[Records from a collection]
-- Opening Marker --
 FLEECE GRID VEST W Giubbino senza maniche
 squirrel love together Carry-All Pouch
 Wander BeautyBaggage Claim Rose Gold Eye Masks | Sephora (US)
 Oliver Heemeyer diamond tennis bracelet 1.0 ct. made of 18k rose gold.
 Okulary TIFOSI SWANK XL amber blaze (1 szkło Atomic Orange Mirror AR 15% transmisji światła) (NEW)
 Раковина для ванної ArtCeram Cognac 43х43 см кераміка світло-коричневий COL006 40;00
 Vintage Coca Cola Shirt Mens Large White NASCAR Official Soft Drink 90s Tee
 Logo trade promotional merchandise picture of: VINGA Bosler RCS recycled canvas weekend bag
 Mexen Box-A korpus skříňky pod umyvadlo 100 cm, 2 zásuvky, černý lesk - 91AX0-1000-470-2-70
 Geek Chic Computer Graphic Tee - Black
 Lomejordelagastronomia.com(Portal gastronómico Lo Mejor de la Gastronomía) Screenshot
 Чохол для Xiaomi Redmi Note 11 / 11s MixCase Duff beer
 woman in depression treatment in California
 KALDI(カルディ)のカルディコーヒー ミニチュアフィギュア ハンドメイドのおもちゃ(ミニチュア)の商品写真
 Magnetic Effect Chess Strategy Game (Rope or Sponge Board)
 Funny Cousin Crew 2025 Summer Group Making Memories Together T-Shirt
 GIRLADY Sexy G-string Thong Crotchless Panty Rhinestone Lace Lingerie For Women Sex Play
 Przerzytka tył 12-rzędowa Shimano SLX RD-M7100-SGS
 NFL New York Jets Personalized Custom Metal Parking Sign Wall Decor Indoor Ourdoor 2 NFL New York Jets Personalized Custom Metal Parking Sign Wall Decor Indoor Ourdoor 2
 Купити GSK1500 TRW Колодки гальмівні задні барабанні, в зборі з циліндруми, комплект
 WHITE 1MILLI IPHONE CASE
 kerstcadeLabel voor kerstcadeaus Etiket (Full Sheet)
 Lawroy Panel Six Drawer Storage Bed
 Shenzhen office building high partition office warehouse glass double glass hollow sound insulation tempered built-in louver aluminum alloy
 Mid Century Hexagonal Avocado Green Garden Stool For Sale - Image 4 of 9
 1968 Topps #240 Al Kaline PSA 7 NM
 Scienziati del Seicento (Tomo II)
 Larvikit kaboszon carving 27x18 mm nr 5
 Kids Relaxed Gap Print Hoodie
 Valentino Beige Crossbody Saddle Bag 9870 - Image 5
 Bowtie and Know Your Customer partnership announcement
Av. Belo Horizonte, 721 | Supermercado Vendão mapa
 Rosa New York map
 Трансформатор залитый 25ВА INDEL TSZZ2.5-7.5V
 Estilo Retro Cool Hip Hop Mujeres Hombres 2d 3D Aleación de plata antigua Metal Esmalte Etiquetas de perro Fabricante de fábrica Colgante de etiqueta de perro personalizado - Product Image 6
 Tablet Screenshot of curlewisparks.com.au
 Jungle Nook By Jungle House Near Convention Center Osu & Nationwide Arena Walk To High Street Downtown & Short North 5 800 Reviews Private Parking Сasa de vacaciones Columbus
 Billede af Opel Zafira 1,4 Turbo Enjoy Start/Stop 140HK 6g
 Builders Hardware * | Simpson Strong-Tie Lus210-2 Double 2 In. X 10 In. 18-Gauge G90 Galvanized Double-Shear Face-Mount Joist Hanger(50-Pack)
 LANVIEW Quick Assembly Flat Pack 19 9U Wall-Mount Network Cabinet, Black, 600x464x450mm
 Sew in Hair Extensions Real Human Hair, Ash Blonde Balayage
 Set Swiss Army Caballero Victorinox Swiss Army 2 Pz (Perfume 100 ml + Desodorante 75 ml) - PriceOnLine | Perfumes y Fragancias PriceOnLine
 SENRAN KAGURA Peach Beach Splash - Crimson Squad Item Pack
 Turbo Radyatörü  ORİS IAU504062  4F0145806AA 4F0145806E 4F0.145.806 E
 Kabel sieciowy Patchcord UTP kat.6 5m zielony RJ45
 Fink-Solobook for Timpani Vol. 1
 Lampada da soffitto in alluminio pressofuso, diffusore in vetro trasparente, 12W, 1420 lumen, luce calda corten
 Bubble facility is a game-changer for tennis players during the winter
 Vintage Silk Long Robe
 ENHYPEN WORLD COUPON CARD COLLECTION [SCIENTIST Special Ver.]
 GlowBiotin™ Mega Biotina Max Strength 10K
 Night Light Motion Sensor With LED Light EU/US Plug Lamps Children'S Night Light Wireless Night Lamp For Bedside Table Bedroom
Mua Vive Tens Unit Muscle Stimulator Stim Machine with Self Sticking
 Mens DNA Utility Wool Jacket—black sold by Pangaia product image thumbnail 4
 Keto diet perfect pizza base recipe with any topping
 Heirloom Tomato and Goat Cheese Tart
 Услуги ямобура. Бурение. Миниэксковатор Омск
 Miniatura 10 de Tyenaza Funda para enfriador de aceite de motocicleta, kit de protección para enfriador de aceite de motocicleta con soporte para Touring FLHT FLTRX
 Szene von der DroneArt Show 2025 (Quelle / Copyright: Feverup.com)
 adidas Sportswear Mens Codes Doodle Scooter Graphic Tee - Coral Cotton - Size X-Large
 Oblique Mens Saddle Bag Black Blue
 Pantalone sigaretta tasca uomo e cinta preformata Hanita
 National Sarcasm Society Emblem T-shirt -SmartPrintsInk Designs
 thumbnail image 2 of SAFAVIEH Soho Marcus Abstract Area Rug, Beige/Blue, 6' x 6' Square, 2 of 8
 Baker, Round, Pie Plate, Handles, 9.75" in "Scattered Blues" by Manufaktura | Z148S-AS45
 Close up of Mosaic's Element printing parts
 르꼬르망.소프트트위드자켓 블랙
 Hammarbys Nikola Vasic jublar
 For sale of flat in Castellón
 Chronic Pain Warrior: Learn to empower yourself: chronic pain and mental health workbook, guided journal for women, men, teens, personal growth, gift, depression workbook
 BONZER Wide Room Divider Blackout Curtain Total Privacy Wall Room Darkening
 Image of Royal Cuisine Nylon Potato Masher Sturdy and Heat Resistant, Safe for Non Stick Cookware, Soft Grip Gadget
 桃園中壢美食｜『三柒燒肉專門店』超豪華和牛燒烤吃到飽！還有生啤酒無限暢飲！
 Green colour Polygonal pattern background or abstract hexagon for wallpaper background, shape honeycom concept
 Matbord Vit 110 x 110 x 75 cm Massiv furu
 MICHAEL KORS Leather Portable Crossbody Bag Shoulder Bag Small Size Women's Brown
-- Closing Marker --
Quote the records above exactly, from the first line through the line containing "Funny Cousin Crew", and nothing more.

 FLEECE GRID VEST W Giubbino senza maniche
 squirrel love together Carry-All Pouch
 Wander BeautyBaggage Claim Rose Gold Eye Masks | Sephora (US)
 Oliver Heemeyer diamond tennis bracelet 1.0 ct. made of 18k rose gold.
 Okulary TIFOSI SWANK XL amber blaze (1 szkło Atomic Orange Mirror AR 15% transmisji światła) (NEW)
 Раковина для ванної ArtCeram Cognac 43х43 см кераміка світло-коричневий COL006 40;00
 Vintage Coca Cola Shirt Mens Large White NASCAR Official Soft Drink 90s Tee
 Logo trade promotional merchandise picture of: VINGA Bosler RCS recycled canvas weekend bag
 Mexen Box-A korpus skříňky pod umyvadlo 100 cm, 2 zásuvky, černý lesk - 91AX0-1000-470-2-70
 Geek Chic Computer Graphic Tee - Black
 Lomejordelagastronomia.com(Portal gastronómico Lo Mejor de la Gastronomía) Screenshot
 Чохол для Xiaomi Redmi Note 11 / 11s MixCase Duff beer
 woman in depression treatment in California
 KALDI(カルディ)のカルディコーヒー ミニチュアフィギュア ハンドメイドのおもちゃ(ミニチュア)の商品写真
 Magnetic Effect Chess Strategy Game (Rope or Sponge Board)
 Funny Cousin Crew 2025 Summer Group Making Memories Together T-Shirt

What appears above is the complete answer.